Wu Xiaoyan, Li Yiman, Chen Jilong, Chen Jie, Zhang Wenchuan, Lu Xunxi, Zhong Xiaorong, Zhu Min, Yi Yuhao, Bu Hong
Department of Pathology, West China Hospital, Sichuan University, Chengdu, China.
Institute of Clinical Pathology, West China Hospital, Sichuan University, Chengdu, 610041, China.
Breast Cancer Res. 2025 Mar 28;27(1):27. doi: 10.1186/s13058-025-01968-0.
In HR+/HER2- early breast cancer (EBC) patients, approximately one-third of stage II and 50% of stage III patients experience recurrence, with poor outcomes after recurrence. Given that these patients commonly undergo adjuvant chemo-endocrine therapy (C-ET), accurately predicting the recurrence risk is crucial for optimizing treatment strategies and improving patient outcomes.
We collected postoperative histopathological slides from 1095 HR+/HER2- EBC who received C-ET and were followed for more than five years at West China Hospital, Sichuan University. Two deep learning pipelines were developed and validated: ACMIL-based and CLAM-based. Both pipelines, designed to predict recurrence risk post-treatment, were based on pretrained feature encoders and multi-instance learning with attention mechanisms. Model performance was evaluated using a five-fold cross-validation approach and externally validated on HR+/HER2- EBC patients from the TCGA cohort.
Both ACMIL-based and CLAM-based pipelines performed well in predicting recurrence risk, with UNI-ACMIL demonstrating superior performance across multiple metrics.
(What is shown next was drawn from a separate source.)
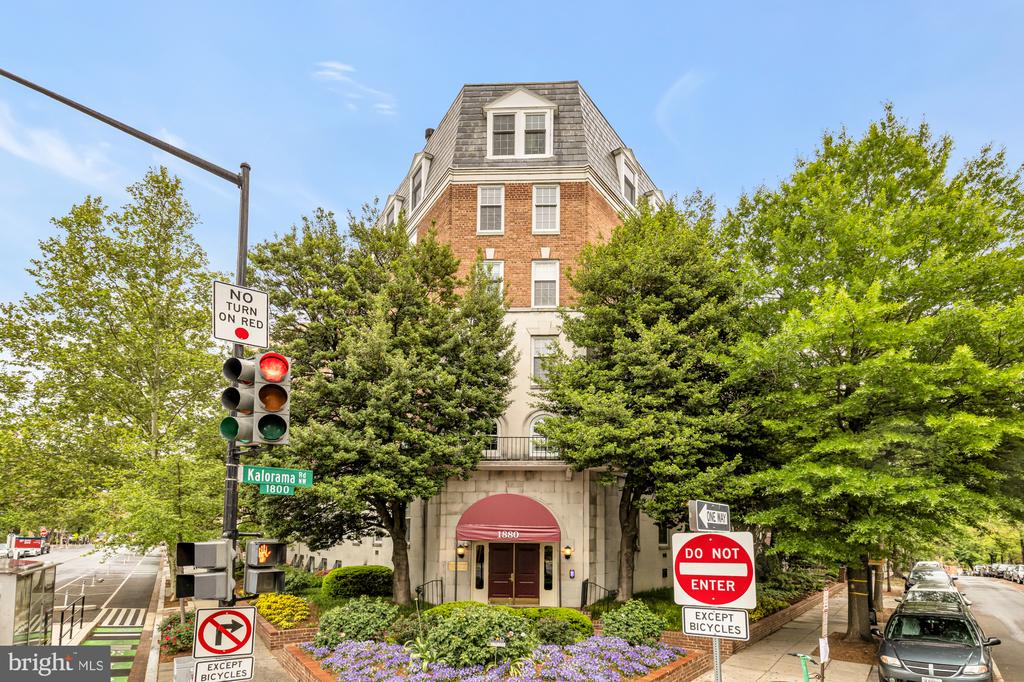 1880 COLUMBIA ROAD NW 203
The average area under the curve (AUC) for the UNI-ACMIL pipeline in the five-fold cross-validation test set was 0.86 ± 0.02, and 0.80 ± 0.04 in the TCGA cohort. In the five-fold cross-validation test sets, effectively stratified patients into high-risk and low-risk groups, demonstrating significant prognostic differences. Hazard ratios for recurrence-free survival (RFS) ranged from 5.32 (95% CI 1.86-15.12) to 15.16 (95% CI 3.61-63.56). Moreover, among six different multimodal recurrence risk models, the WSI-based risk score was identified as the most significant contributor.
Our multimodal recurrence risk prediction model is a practical and reliable tool that enhances the predictive power of existing systems relying solely on clinicopathological parameters. It offers improved recurrence risk prediction for HR+/HER2- EBC patients following adjuvant C-ET, supporting personalized treatment and better patient outcomes.
在激素受体阳性/人表皮生长因子受体2阴性(HR+/HER2-)早期乳腺癌(EBC)患者中,约三分之一的II期患者和50%的III期患者会出现复发,复发后的预后较差。鉴于这些患者通常接受辅助化疗-内分泌治疗(C-ET),准确预测复发风险对于优化治疗策略和改善患者预后至关重要。
我们收集了四川大学华西医院1095例接受C-ET且随访超过五年的HR+/HER2- EBC患者的术后组织病理学切片。开发并验证了两种深度学习管道:基于ACMIL的和基于CLAM的。这两种管道旨在预测治疗后的复发风险,均基于预训练的特征编码器和带有注意力机制的多实例学习。使用五折交叉验证方法评估模型性能,并在来自TCGA队列的HR+/HER2- EBC患者中进行外部验证。
基于ACMIL的和基于CLAM的管道在预测复发风险方面均表现良好,其中UNI-ACMIL在多个指标上表现出卓越性能。在五折交叉验证测试集中,UNI-ACMIL管道的平均曲线下面积(AUC)为0.86±0.02,在TCGA队列中为0.80±0.04。在五折交叉验证测试集中,能有效地将患者分为高风险和低风险组,显示出显著的预后差异。无复发生存(RFS)的风险比范围为5.32(95%置信区间1.86 - 15.12)至15.16(95%置信区间3.61 - 63.56)。此外,在六种不同的多模态复发风险模型中,基于全切片图像(WSI)的风险评分被确定为最显著的因素。
我们的多模态复发风险预测模型是一种实用且可靠的工具,增强了仅依赖临床病理参数的现有系统的预测能力。它为接受辅助C-ET后的HR+/HER2- EBC患者提供了更好的复发风险预测,支持个性化治疗并改善患者预后。